4.2. Knowledge Contribution
The main contribution of this research is to propose a method of detecting and verifying construction workers’ helmets based on computer vision technology. At present, the identification of construction workers mainly relies on sensors and computer vision. The sensor-based approach mainly detects the location and safety behavior of construction workers by placing sensors on workers or equipment. RFID tags are also commonly used for worker identification and PPE testing. Computer vision is often used to inspect workers’ protective gear. Such as Zhao et al. [46] through the feature extraction of safety helmets and color vests, the identification of safety officials on construction sites is realized. The above methods have some limitations, such as sensor loss, high investment cost, and the resistance of construction personnel to sensors, which limit the development of sensor-based methods. Computational vision technology can distinguish different construction workers, different construction behavior and pedestrian track tracking, but these methods cannot determine the identity of workers, so face recognition is a necessary means of identification of workers. This study presents a new method to verify and detect the identity of workers and safety helmets entering the construction site. The accuracy and recall rate of the algorithm was tested under different visual conditions, which met the requirements of real name system and PPE. These rules have practical application value in engineering. This method can prevent accidents from happening at the source and improve the safety performance of construction sites [47].
5. Conclusions
Academics have been working to reduce the accident rate in the construction industry for years, but it is still one of the most dangerous industries. There are many dangerous areas on the construction site, and the construction environment is noisy and complex. Construction workers with professional safety training are not yet able to guarantee their own lives. Therefore, non-professional construction personnel is more prone to safety accidents when they enter the construction site, so identification is one of the necessary measures to ensure the safety of the site construction. Helmets can protect workers’ heads from penetrating or direct impact, but helmets have not yet achieved 100% protection against head injuries in field accidents. The main reason for this phenomenon is the relaxation of site staff; often enter the construction site without wearing safety.
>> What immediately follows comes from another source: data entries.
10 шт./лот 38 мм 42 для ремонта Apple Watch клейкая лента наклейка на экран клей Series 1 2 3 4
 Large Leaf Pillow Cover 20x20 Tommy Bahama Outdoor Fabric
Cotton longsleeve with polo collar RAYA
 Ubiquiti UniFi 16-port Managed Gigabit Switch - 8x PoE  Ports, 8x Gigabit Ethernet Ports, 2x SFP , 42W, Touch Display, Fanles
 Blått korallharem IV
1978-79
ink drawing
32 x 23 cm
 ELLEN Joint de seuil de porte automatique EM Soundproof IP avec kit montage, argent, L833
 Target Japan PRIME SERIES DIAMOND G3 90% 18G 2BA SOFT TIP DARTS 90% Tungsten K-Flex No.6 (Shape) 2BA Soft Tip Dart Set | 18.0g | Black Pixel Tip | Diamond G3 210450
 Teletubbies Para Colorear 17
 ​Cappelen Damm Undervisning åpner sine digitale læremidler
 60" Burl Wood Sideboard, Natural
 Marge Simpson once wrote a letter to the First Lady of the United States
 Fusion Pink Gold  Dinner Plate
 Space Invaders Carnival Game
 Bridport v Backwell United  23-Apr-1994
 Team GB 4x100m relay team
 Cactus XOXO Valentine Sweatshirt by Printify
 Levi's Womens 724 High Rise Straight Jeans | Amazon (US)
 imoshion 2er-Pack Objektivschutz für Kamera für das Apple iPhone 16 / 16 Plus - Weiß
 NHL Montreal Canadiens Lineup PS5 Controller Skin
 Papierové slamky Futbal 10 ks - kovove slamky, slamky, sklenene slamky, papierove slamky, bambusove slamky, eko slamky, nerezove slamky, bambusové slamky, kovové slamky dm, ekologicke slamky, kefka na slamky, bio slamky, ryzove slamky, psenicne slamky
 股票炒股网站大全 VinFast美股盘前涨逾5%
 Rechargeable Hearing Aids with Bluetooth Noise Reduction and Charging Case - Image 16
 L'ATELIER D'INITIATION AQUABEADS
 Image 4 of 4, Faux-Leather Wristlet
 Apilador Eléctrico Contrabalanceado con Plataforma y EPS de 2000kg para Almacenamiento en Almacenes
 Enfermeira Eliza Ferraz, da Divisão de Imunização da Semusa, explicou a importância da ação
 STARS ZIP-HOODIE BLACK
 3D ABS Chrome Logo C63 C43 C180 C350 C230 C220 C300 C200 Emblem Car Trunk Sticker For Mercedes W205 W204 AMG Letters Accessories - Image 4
The limitation of this paper is a theoretical one. A research framework of construction worker’s helmet and identity recognition based on computer vision is proposed. This method provides a new method for on-site real-time monitoring and improving the safety management of construction workers.
In future research, this framework will be applied to the actual project to realize the identity identification and helmet detection of construction personnel on the construction site and integrate this information into the real-time safety management system to improve the safety management level on the site.